Conditions in Iraq are "well on the way" to being suitable for a withdrawal of UK troops, Defence Secretary John Reid has said.
Mr Reid said 'significant progress' had been made
He said "significantly fewer" service personnel could be posted to the country next year but added that the government would not "cut and run".
Iraqis wanted troops to leave "just as soon as the conditions are right", Mr Reid said in a speech in London.
The UK has about 8,900 troops stationed in Iraq, mainly in the south-east.
Last week, Corporal Gordon Pritchard became the 100th member of the UK armed forces to die in the conflict.
Mr Reid told the Foreign Press Association: "If the months go well, they bring the day closer when the Iraqi people can finally take control of their own futures.
"That also means that the time is approaching when the coalition which is helping them achieve this can begin leaving Iraq."
He added he would not speculate on numbers and dates because "to do so would be to invite chaos".
Mr Reid added: "Our commitment to Iraq and its people is unchanged and we have made significant progress."
He laid out four conditions to be met before withdrawal:
- The threat of insurgents must be reduced to a "manageable level"
- Iraqi security forces must be "more able" to deal with this threat themselves
- Local government bodies must be "effective" and receive central government backing
- The UK government must be "confident" it can still provide support to local forces, if needed
Mr Reid said: "Let me repeat, all of this depends on the conditions we have drawn up and the circumstances on the ground being right."
He added: "Our purpose in Iraq has never been to create a mirror-image of our own nation. That would never work and it is not what Iraqis want.
"Our purpose has been to give Iraqis the tools to build the kind of nation they want. It is not for us to say how that nation should look. That is for Iraqis to decide."
Iraq would never "look like a western European country", he added.

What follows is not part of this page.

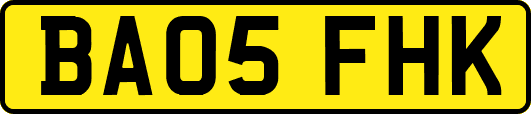 BA05FHK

Mr Reid said the Iraqis shared "common hopes with all of us" involving "peace, security and freedom from persecution". National pride, too, was a shared emotion, he added.

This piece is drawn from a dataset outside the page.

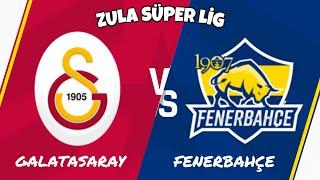 ZULA SÜPER LİG 1907 FENERBAHÇE vs GALATASARAY ESPOR  SAFRANBOLU HARİTASI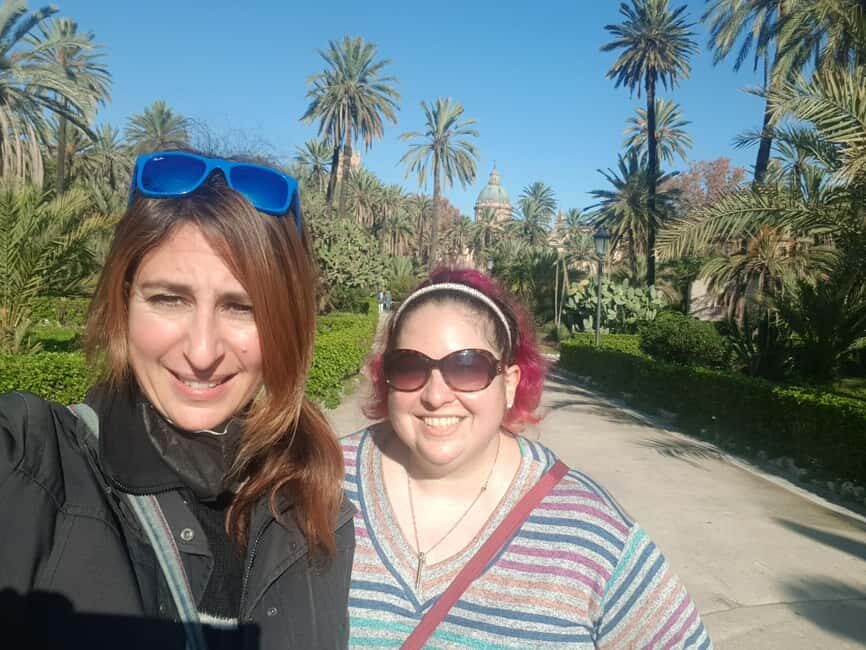 Palermo: Private Walking Tour with a Local - Guide Highlights and Personal Touches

Four other key elements already achieved were an established constitution, a fair political process, a growing economy and military forces working for the citizens rather than against them.
Mr Reid said terrorists were "desperately afraid of an Iraq whose people come to see extremism as the enemy of progress, not as an answer to injustice".
But he stressed: "Our key task is not, as some claim, to defeat the insurgency raged against Iraq. It is to ensure that Iraqis have the ability to do that."
In a "few parts of the country", he went on, the majority were "essentially passively acquiescing" in attacks by insurgents
"The day we leave will not be the final step on the road for the new Iraq. It will be the first," he added.